If you have extra seed, throw it down. The rye and fescue should have time to germinate and establish. How hot was it after you seeded? I had 90 degree temps and found myself watering lightly every 60-90 minutes from 10-4. Otherwise the ground didn't stay wet. If it was hot like that for you, then likely the seed dried out.


----------



## MichiganGreen (Aug 7, 2018)

samjonester said:


> If you have extra seed, throw it down. The rye and fescue should have time to germinate and establish. How hot was it after you seeded? I had 90 degree temps and found myself watering lightly every 60-90 minutes from 10-4. Otherwise the ground didn't stay wet. If it was hot like that for you, then likely the seed dried out.


I don't have extra - just such a perfectionist that those bare spots will bug the heck out of me - won't get them perfect but I want to cover at least a little bit more while there might be time. So I'll get the best I can find locally this afternon...

It was definitely well into the 90's probably low 90's up to 95 one or two days, but a solid upper 80's really for almost a full week. My timer only goes down to every 6 hours unfortunately - but it appears to have worked.

One of my biggest problem areas is a place where I spilled some milo accidentally and it burned - that was about a month ago so hopefully that has burned through and the new soil will allow me to start fresh.

Talking about soil though - they do have different brands and prices of top soil, have you found the cheaper stuff to have weeds in it?
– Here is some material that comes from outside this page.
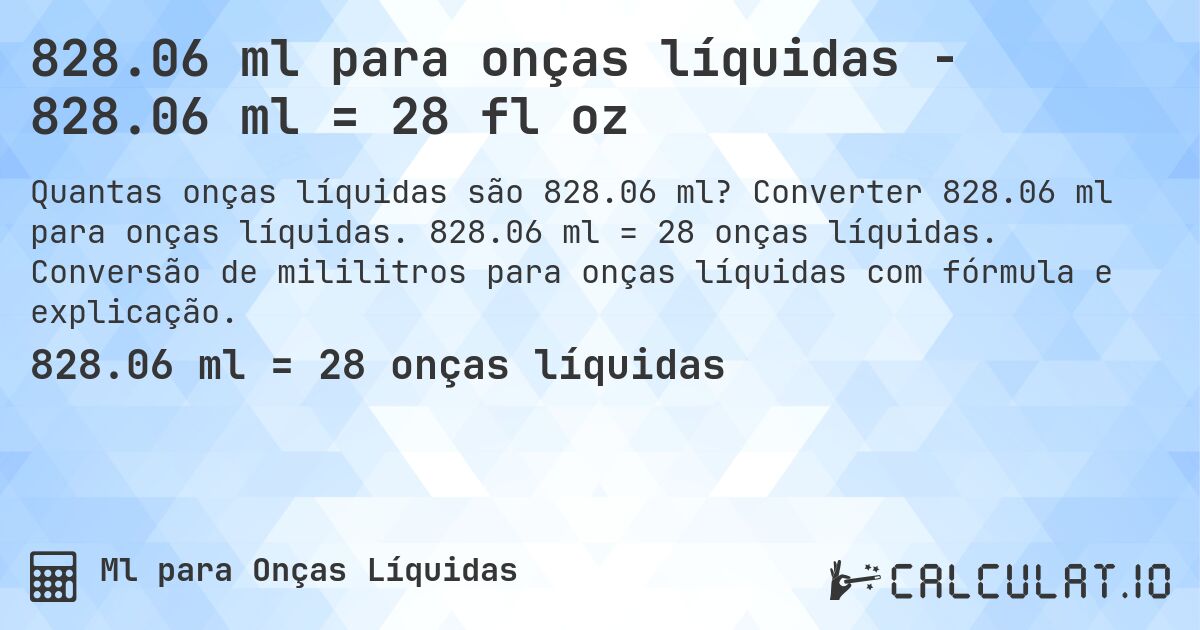 828.06 ml para onças líquidas - 828.06 ml = 28 fl oz. Converter 828.06 ml para onças líquidas. 828.06 ml = 28 onças líquidas. Conversão de mililitros para onças líquidas com fórmula e explicação.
Honestly if there are a few I won't lose sleep, so long as the grass grows - I can take care of the weeds later...


----------



## LawnSolo (Jul 17, 2018)

As @samjonester I would throw more seeds with some peat moss on those bare spots.
The Jonathan Green Black Beauty mix will blend just fine. That's what I would do.

My lawn is originally Black Beauty now overseeded with my new blend.


----------



## g-man (Jun 15, 2017)

@MichiganGreen This looks like a lawn journal. Do you want me to move it to the Journal section? It helps to have all your lawn pictures, products application and progress in one thread. That way the recommendations from members have some context and background to them.


----------



## MichiganGreen (Aug 7, 2018)

g-man said:


> @MichiganGreen This looks like a lawn journal. Do you want me to move it to the Journal section? It helps to have all your lawn pictures, products application and progress in one thread. That way the recommendations from members have some context and background to them.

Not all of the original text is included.